If someone decides to improve upon it, I’d love it if you’d ping me so I can see how it develops.

4 Likes

Thanks for sharing @mthelm85. I think it’s missing a few files? It was fun to play around with though.

It’s great to hear that you are interested. I think the project could benifit from people who know more about audio engineering and programming than I do. I will keep you in mind and may reach out to you in the future.

Thanks for sharing @mthelm85. I think it’s missing a few files? It was fun to play around with though.

There’s just one .midi file that it reads from - I uploaded it to the repo just now.

I hate to be this guy, but the answer to this question is “when journals allow it and reviewers understand it.” Or when the terrible inertia that makes peer reviewed journal articles the only dissemination method that provides any career benefit dissipates.

Alas, that seems unlikely to happen any time soon :sweat:

1 Like

I think that data sonification may be a useful tool, if not (yet) for publication at least for exploratory analysis and for result communication to a broader public.

I myself only tried very naive approaches, but would like to use it more extensively. @Perrin_Meyer, are there julia packages, other tools or resources that you may suggest?

That sounds like a real barrier. I think it is possible that a piece of scientific work will not get taken seriously if it uses sonification instead of visualization. I also agree that reviewers would need to be able to “read” data sonificaiton, which makes it all the more important to have a common language for sonification.

But maybe journals wouldn’t have an issue if sonification could be submitted as supplementary material?
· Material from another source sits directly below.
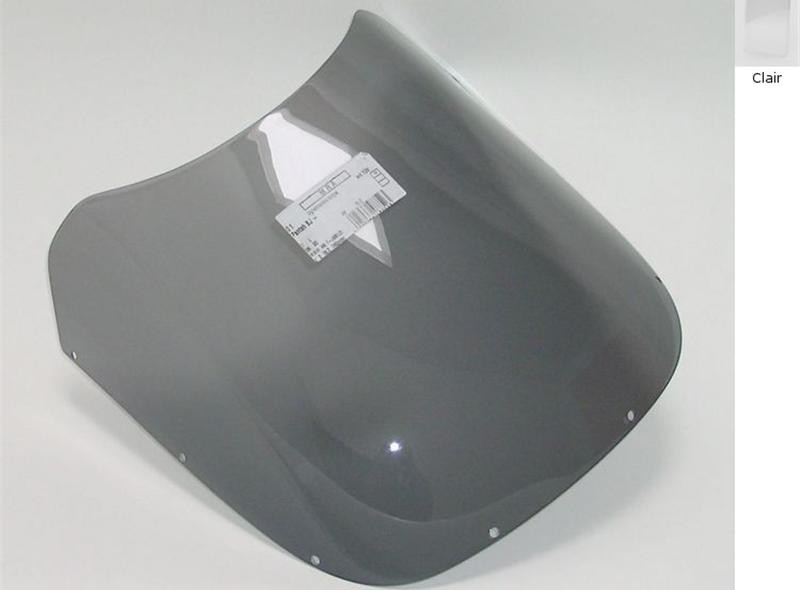 Bulle Moto MRA Type Origine pour 600 Pantah (80-83) 650 Pantah (83-84)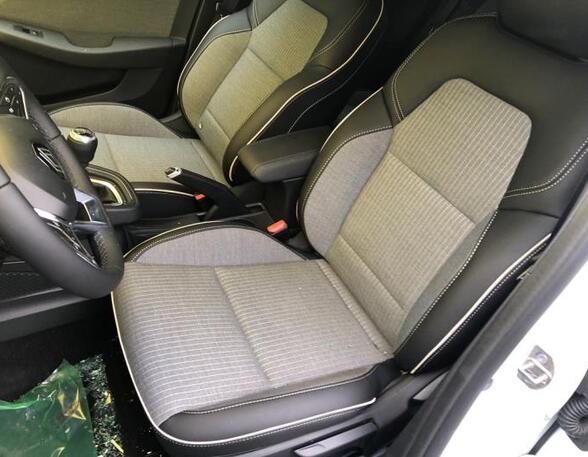 P20045214 Steuergerät Airbag RENAULT Clio V (BF)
I know in some fields authors also write shorter, less-technical summaries of their work for wider dissimination. Maybe sonification can be useful there. Though these do not typically have career benifits.

This question was not addressed to me, but I can tell you what I know.

I haven’t come across any Julia package for sonification. Python has sonipy. There’s highcharts sonification studio. And there’s erie-web. The latter two are implemented in Javascript. These are probably the most advanced. I think R has something too.

I’ve found these to be buggy. You can’t expect to use them with datasets with something like 10 million observations. So far as I can tell they don’t support “audification”, which is a very useful kind of sonification that you can do with large, regularly sampled data (that’s what @mbauman was referring to). They don’t always have the notion of same reference frames built in, so it’s hard to make sonics with two different datasets and have them be comparable. I also don’t think they are designed with psychoacoustics in mind. So they don’t maintain perceptual uniformity.